- Work order
Give back every record word for word, keeping the pictures out.

- Data extracts
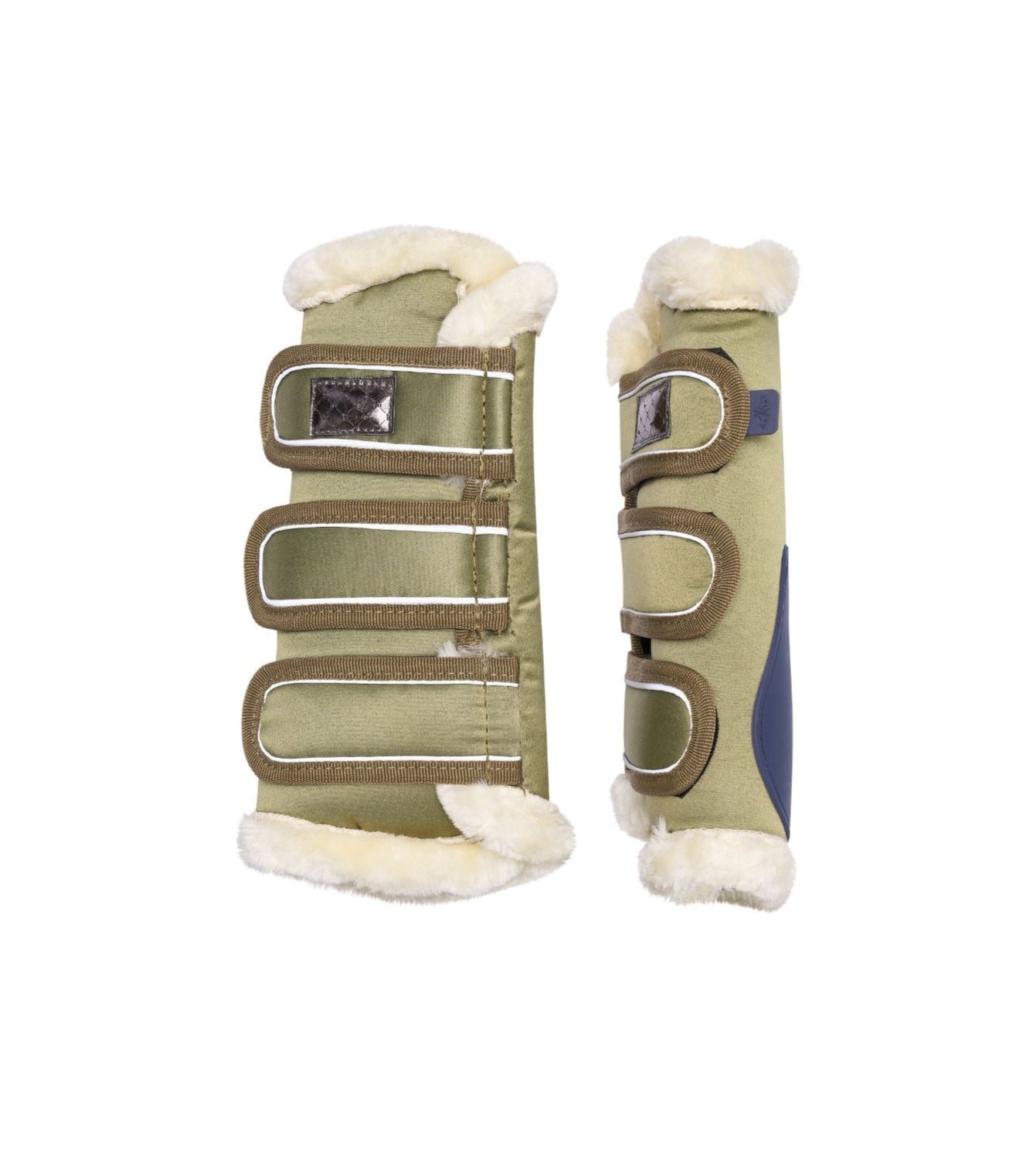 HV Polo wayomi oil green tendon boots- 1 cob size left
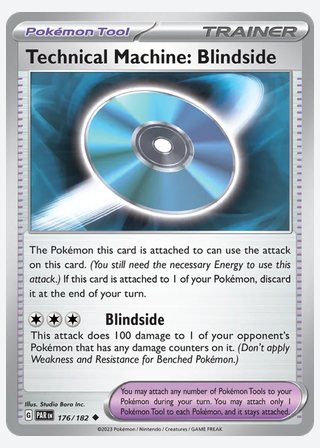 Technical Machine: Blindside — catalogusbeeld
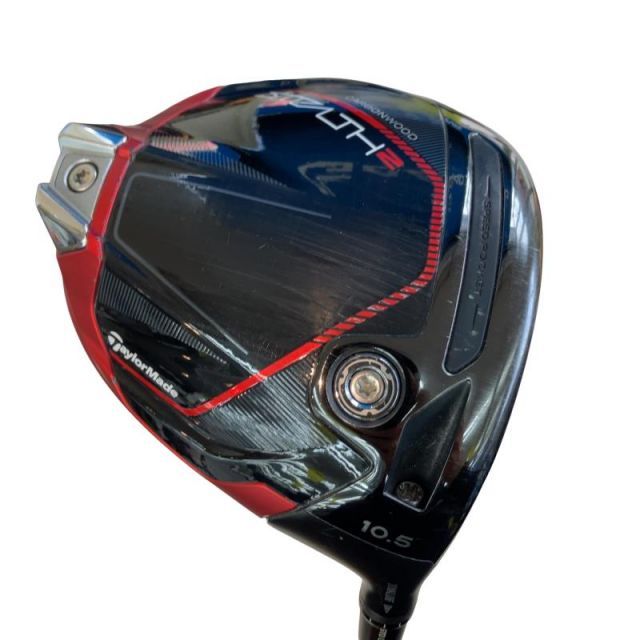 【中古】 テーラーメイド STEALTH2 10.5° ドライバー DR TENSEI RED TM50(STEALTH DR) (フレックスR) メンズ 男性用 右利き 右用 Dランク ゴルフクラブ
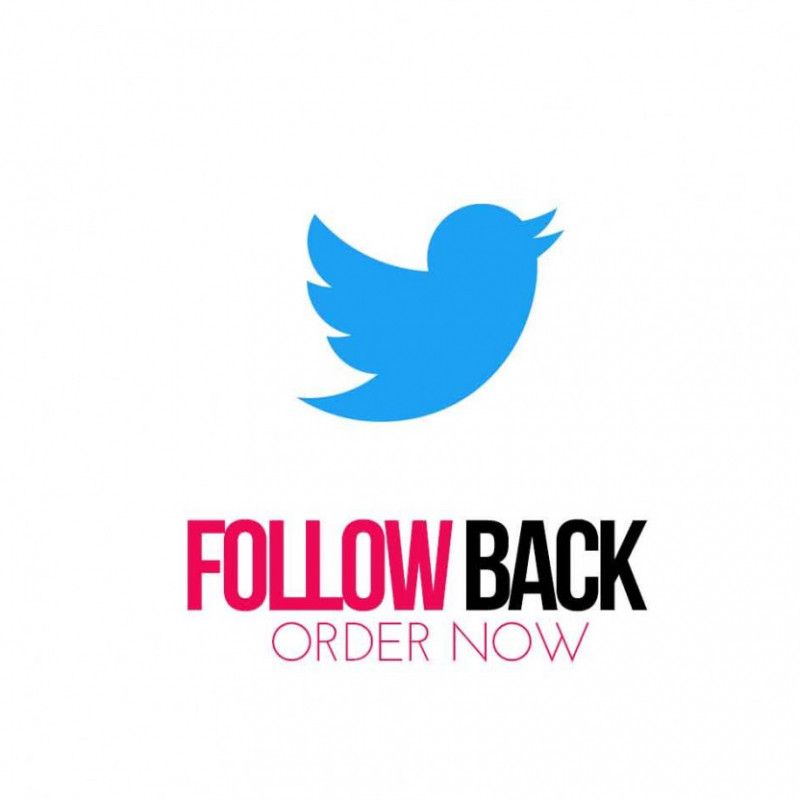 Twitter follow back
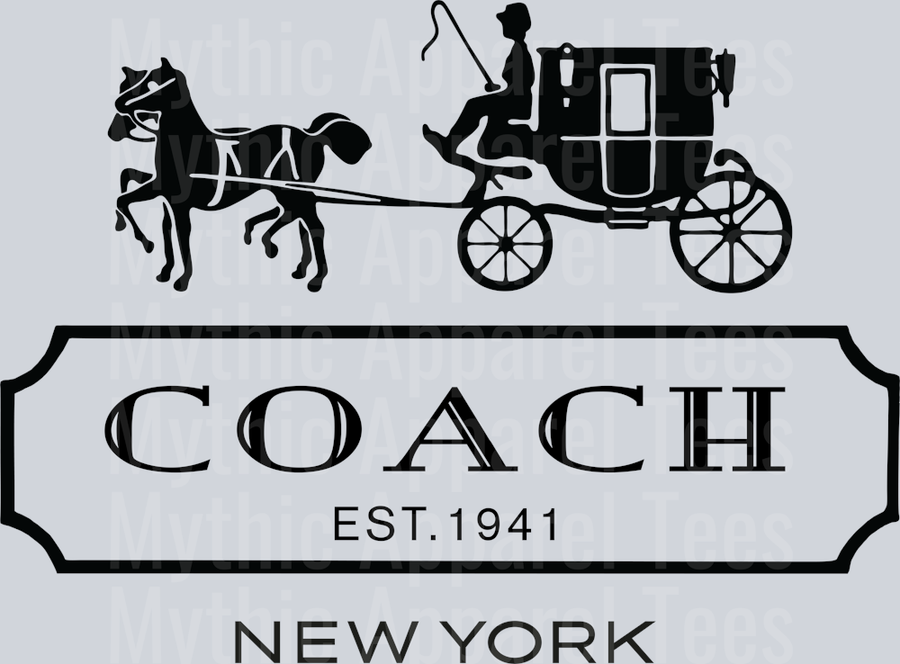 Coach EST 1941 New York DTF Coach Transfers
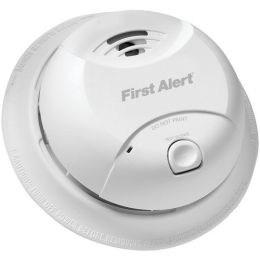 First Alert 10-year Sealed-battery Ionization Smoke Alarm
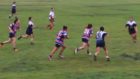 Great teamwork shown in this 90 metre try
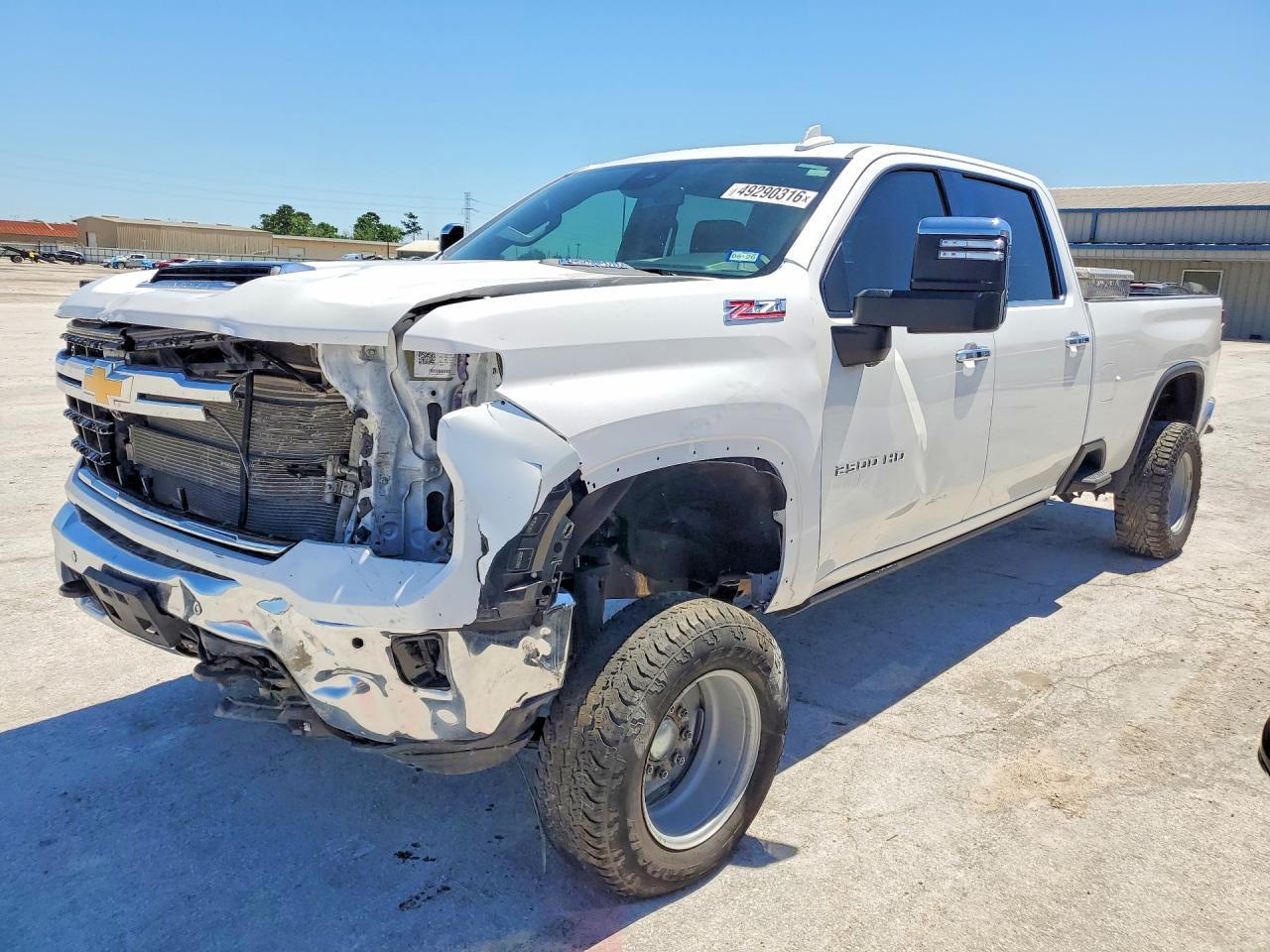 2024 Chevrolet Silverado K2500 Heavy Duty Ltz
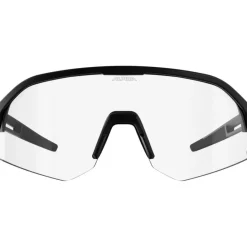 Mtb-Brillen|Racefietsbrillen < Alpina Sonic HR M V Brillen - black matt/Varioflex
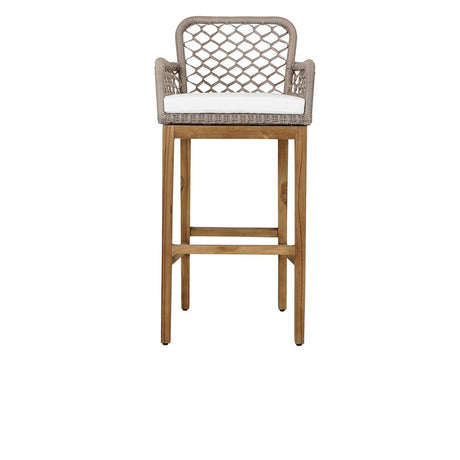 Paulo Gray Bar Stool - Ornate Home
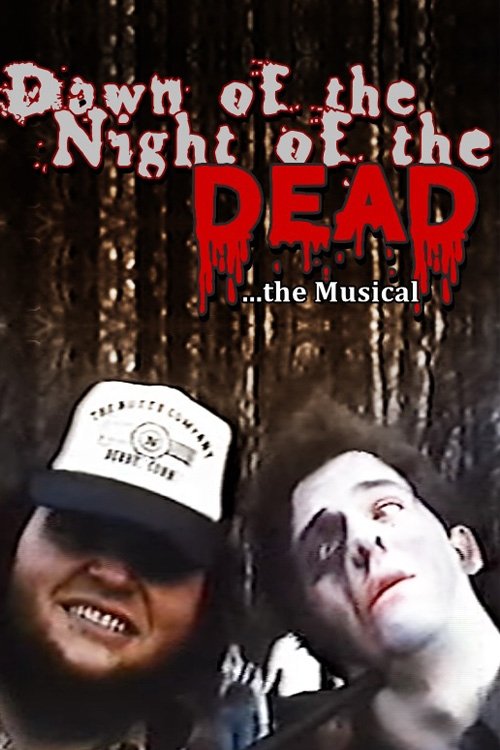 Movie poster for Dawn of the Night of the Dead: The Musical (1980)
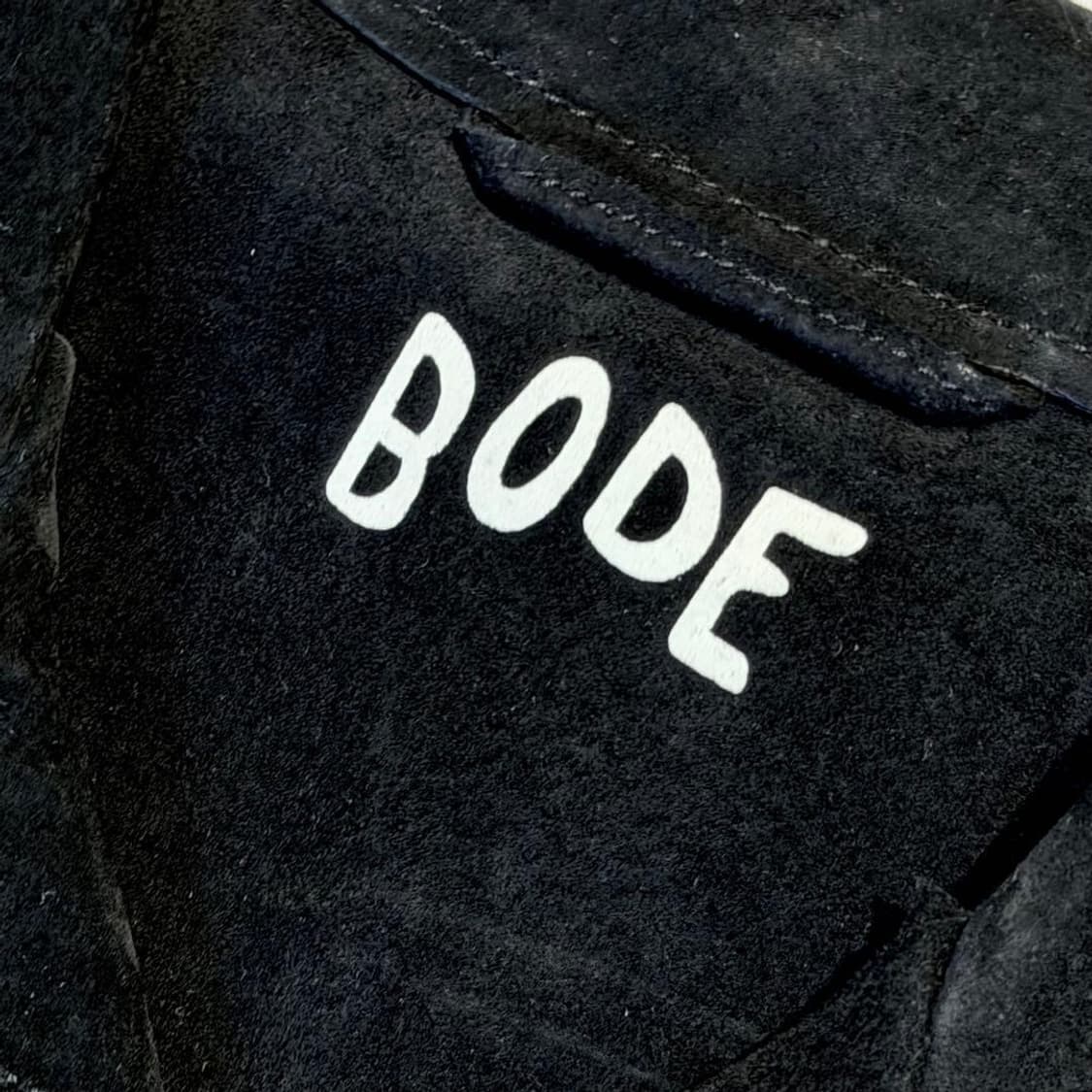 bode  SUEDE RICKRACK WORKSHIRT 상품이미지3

- Solution below
 HV Polo wayomi oil green tendon boots- 1 cob size left
 Technical Machine: Blindside — catalogusbeeld
 【中古】 テーラーメイド STEALTH2 10.5° ドライバー DR TENSEI RED TM50(STEALTH DR) (フレックスR) メンズ 男性用 右利き 右用 Dランク ゴルフクラブ
 Twitter follow back
 Coach EST 1941 New York DTF Coach Transfers
 First Alert 10-year Sealed-battery Ionization Smoke Alarm
 Great teamwork shown in this 90 metre try
 2024 Chevrolet Silverado K2500 Heavy Duty Ltz
 Mtb-Brillen|Racefietsbrillen < Alpina Sonic HR M V Brillen - black matt/Varioflex
 Paulo Gray Bar Stool - Ornate Home
 Movie poster for Dawn of the Night of the Dead: The Musical (1980)
 bode  SUEDE RICKRACK WORKSHIRT 상품이미지3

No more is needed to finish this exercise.